I have a new friend.  Her name is Monique Honaman and we are absolutely “soul sisters”!  I came upon Monique while I was doing research for my second book which I am having a fantastic time writing! (Stay tuned for more information!!).  After connecting with her on the phone and yet again, feeling like we could talk for hours, she graciously sent me a copy of her new book, “The High Road Has Less Traffic:  honest advice on the path through love and divorce” .  It is fantastic!

I asked Monique if she would be willing to share a little about herself with us and so today I am excited to introduce her to you through this wonderful post about her journey through divorce.  I highly recommend her book as yet another tool in your toolbox of divorce support!!

From Monique:

I’m currently attending a conference in Las Vegas with over 3000 other women. The conference has absolutely nothing to do with divorce, or marriage, or relationships.  It has everything to do with women business owners … smart, motivated, capable, gutsy, risk-taking women who at some point in their lives took an idea and ran with it … and today are women presidents in charge of their own destiny!  It’s ‘girl power’ at its most basic element!

 Like any great women in business conference, there is a ton of time devoted to networking … and like a great group of women go-getters who have never met a stranger … the conversations quickly turn from summarizing our professional lives, and turn to sharing our personal stories.

As soon as I mention that I love to write and recently published a book, “The High Road Has Less Traffic: honest advice on the path through love and divorce” I immediately find myself in conversations that I shouldn’t be surprised by anymore. As soon as I mention that my book is based on life lessons learned during my own divorce, I hear all about their divorces as well. It shouldn’t surprise me that many of the women I am meeting are in second marriages. I shouldn’t surprise me that many women joke about having had a ‘starter husband’ as divorce has become so commonplace in our society.

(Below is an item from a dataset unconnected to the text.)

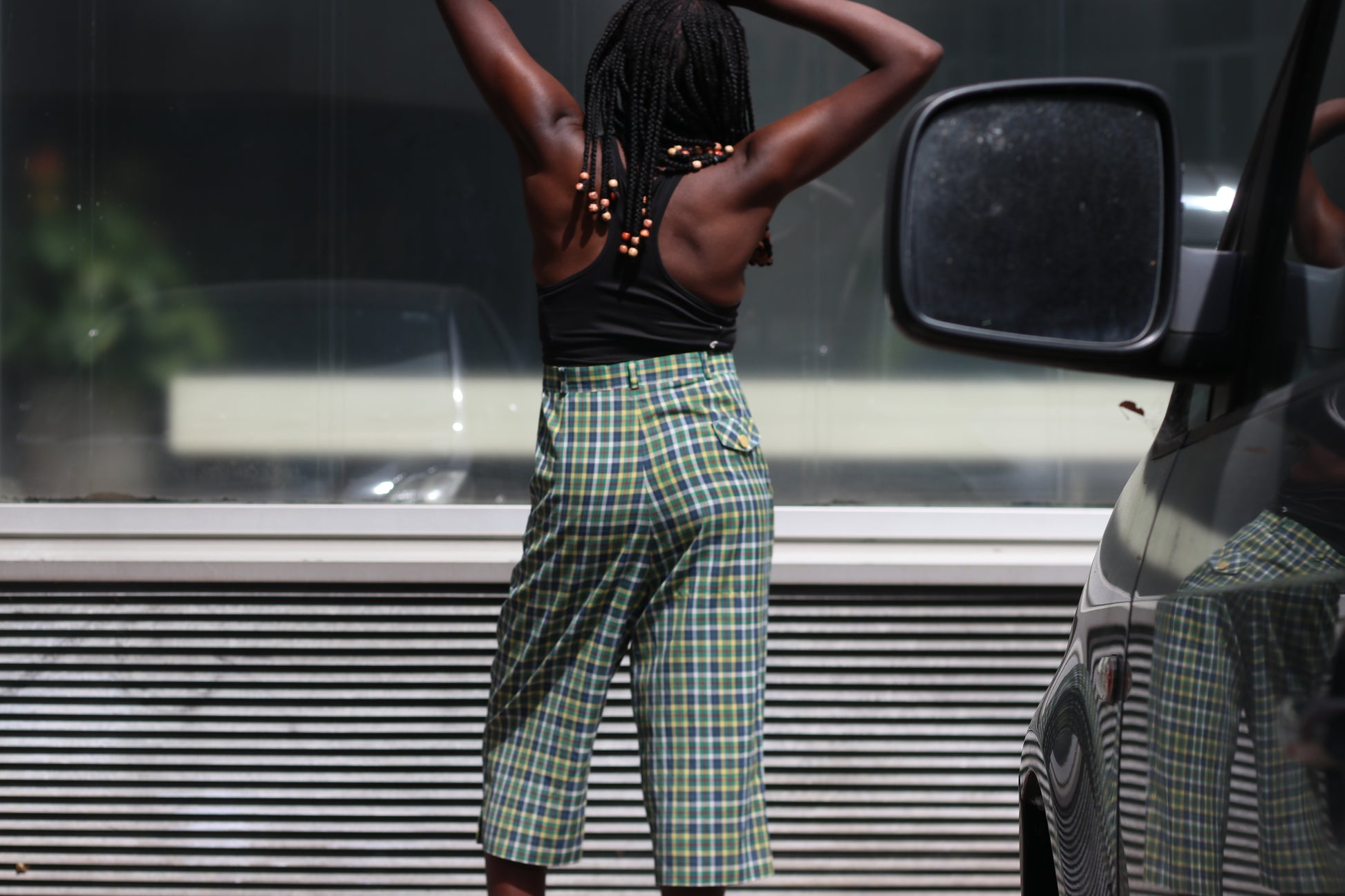 Hammerschmidt Vintage 1980s Plaid Culottes Green Yellow Tartan High Waist Shorts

It shouldn’t surprise me that these women are full of joy, confidence and happiness having survived, and thrived, through one of life’s toughest emotional battles!

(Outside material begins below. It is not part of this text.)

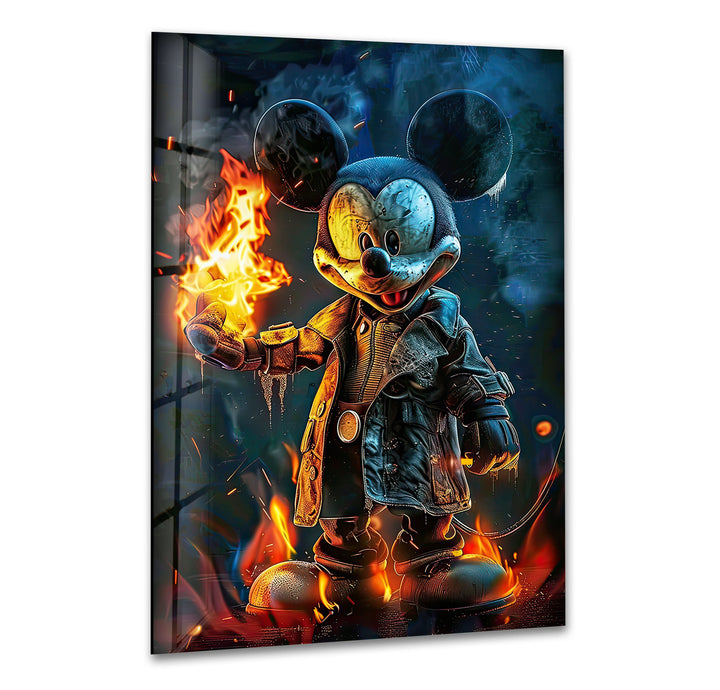 Mickey Mouse with Fire Glass Wall Art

The common theme I am hearing is one which I have been known to say in reflecting back on my own divorce: “I wouldn’t wish this on my worst enemy, but in hindsight, it’s the best thing that ever happened to me.”  Divorce is ugly; it’s hateful; it’s painful; it’s rejection at it’s most basic form; it breaks families apart; it takes marriage vows and tears them to shreds; it reduces essentially good people to become people with low moral standards and values.   So how can this horrible thing become something which so many of these wonderful women reflect back on as ‘the best thing that ever happened’ to them?

The common theme I saw was that these women ‘took the high road’ and as painful and hurtful as their divorces were, they were determined to not get stuck in a pity party, looking backwards saying ‘what if’ and ‘if only,’ and instead chose to march forward to determine what adventures lay on the horizon.  These women all chose to let go of all the anger and bitterness which divorce naturally creates, and instead chose to take on a positive attitude. They chose to cast aside blame and hate, find forgiveness, even find some humor in the situation, and decide that forward momentum was the only way to go. All of this behavior characterizes ‘taking the high road’ and I’ve determined this factor alone is the deciding factor in women who survive divorce versus those who thrive after divorce and move on.

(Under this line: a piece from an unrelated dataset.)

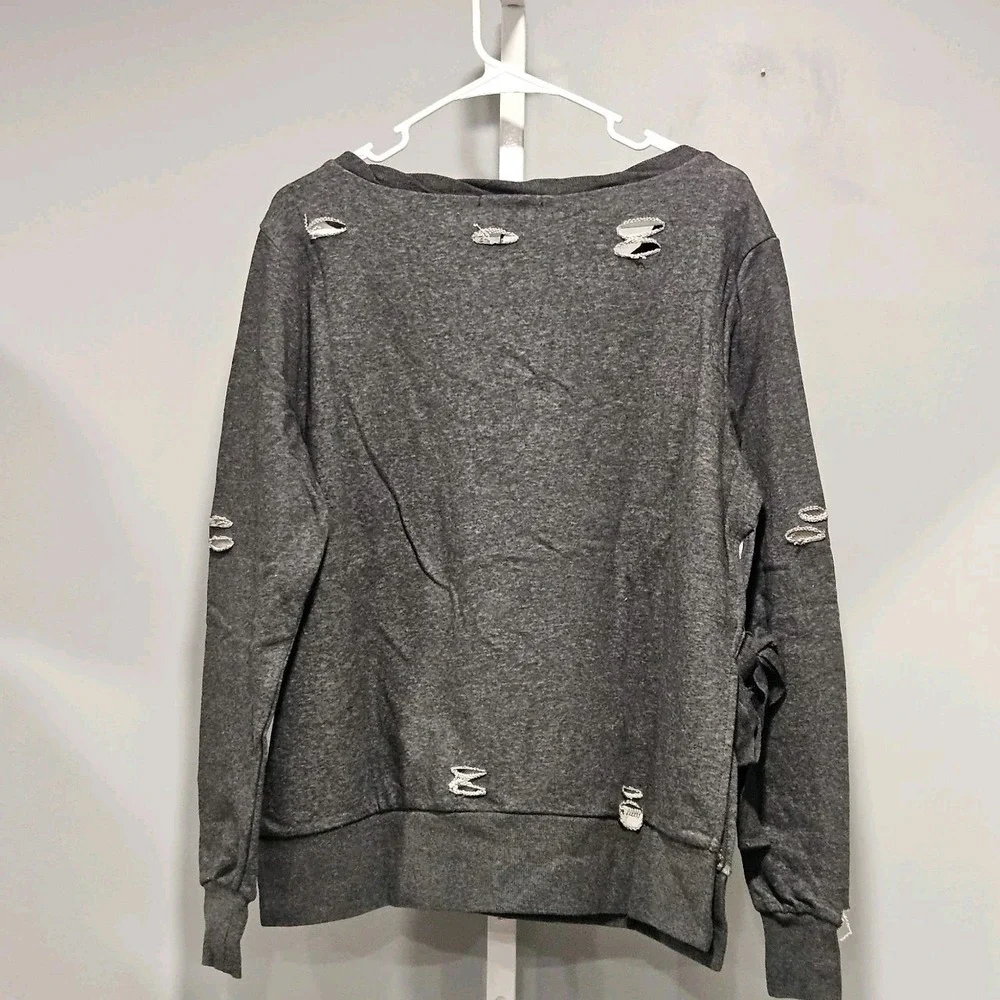 NWT Romeo & Juliet Couture Size M Distressed Sweatshirt Dk Gray Side Slit & Ties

I love that feeling, that energy and that edge when you get a group of powerful women together.  There’s a sense that we are invincible and while we will encounter obstacles (life happens, right?), that we will be able to overcome, persevere, and turn lemons into lemonade.   It’s funny the conversations you get into at a women’s business conference. I love that we are open enough to share our personal stories with strangers at a professional venue. We aren’t alone in handling the bumps of life. Many others have been through this before us and sharing our stories, helping others to move forward, is what girl power is all about!

Monique Honaman is the author of “The High Road Has Less Traffic: honest advice on the path through love and divorce” available on Amazon.com or at www.HighRoadLessTraffic.com.  Monique has survived and thrived and has made it her purpose to encourage others to take the high road where there is always less traffic! She can be reached at Monique@HighRoadLessTraffic.com;  Twitter: @highroadthebook; Facebook:  www.Facebook.com/highroadlesstraffic.

Ooooo La La…Pink Kisses!

20 May

I have a new friend…and I LOVE her!  Her name is Ellie Scarborough and she is my kind of girl!  When I first discovered Ellie I was surfing the web (which I find myself doing quite a bit) and browsing through the websites of women that inspire me.  While surfing, I came upon her logo and it was love at first site!

She is the founder (with her partner Amy Lynch)  of Pink Kisses, one of the most fabulous sites I have seen in a long time!   No, Ellie is not divorced, but she knows what breakups are all about.  And, let’s face it…divorce is the ultimate breakup!

The mission of Pink Kisses is simple…To help women forget their Ex and find their inner badass.  Amen Sister!  I am all about the inner badass!  In fact, I adore their tagline…”moving on is the best revenge”, because I could not agree more.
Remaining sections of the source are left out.